Aim of the exercise = In the listing that follows, the lines starting at the one containing "Alanya: Tandem-Paragliding über" and ending at the one containing "Girls size 3T formal white dress, navy sash!" are to be returned exactly, both boundary lines included, and no others.

Source data =
Segment Open

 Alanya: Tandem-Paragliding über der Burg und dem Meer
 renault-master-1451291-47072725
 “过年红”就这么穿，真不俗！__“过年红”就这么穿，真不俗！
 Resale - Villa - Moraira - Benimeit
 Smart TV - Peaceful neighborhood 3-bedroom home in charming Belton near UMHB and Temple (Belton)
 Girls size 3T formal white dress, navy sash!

Segment Closed
Segment Open

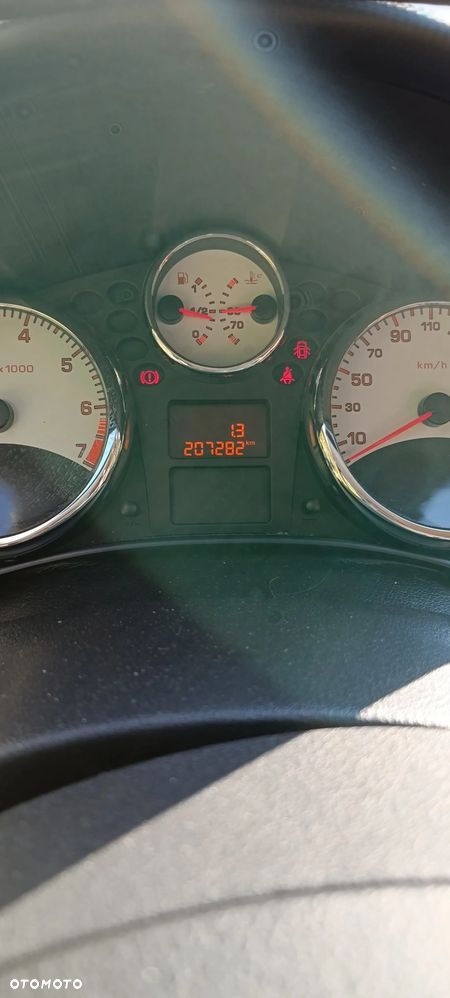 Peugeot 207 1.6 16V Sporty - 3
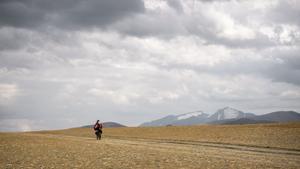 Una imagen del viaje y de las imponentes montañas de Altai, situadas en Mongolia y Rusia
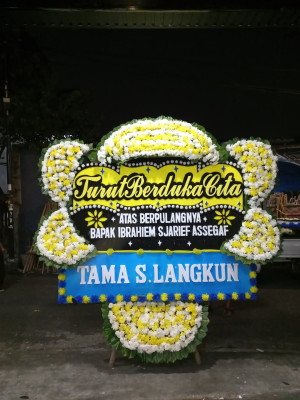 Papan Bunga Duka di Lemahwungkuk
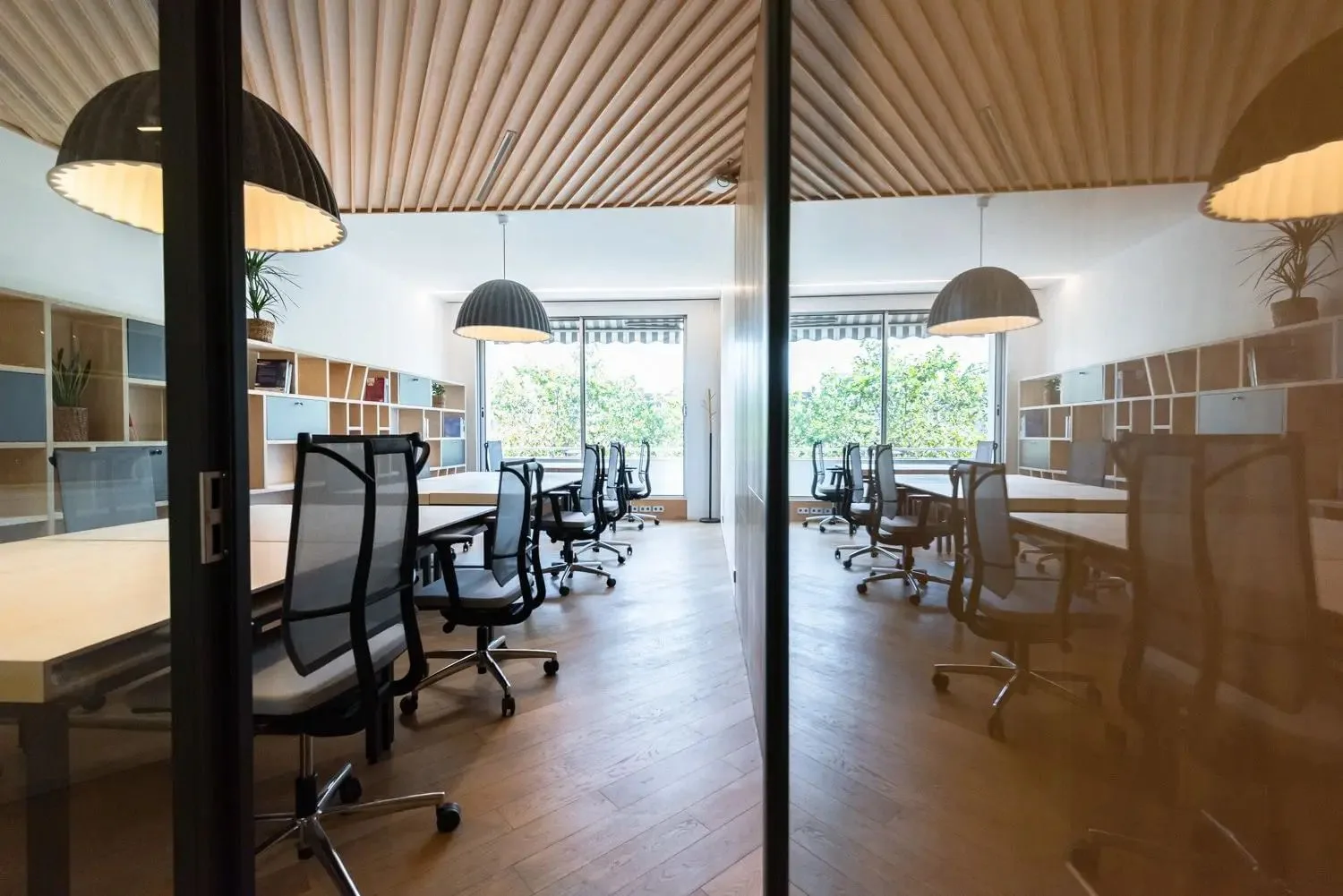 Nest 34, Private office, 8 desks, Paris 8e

Segment Closed

Output for this exercise =
 Alanya: Tandem-Paragliding über der Burg und dem Meer
 renault-master-1451291-47072725
 “过年红”就这么穿，真不俗！__“过年红”就这么穿，真不俗！
 Resale - Villa - Moraira - Benimeit
 Smart TV - Peaceful neighborhood 3-bedroom home in charming Belton near UMHB and Temple (Belton)
 Girls size 3T formal white dress, navy sash!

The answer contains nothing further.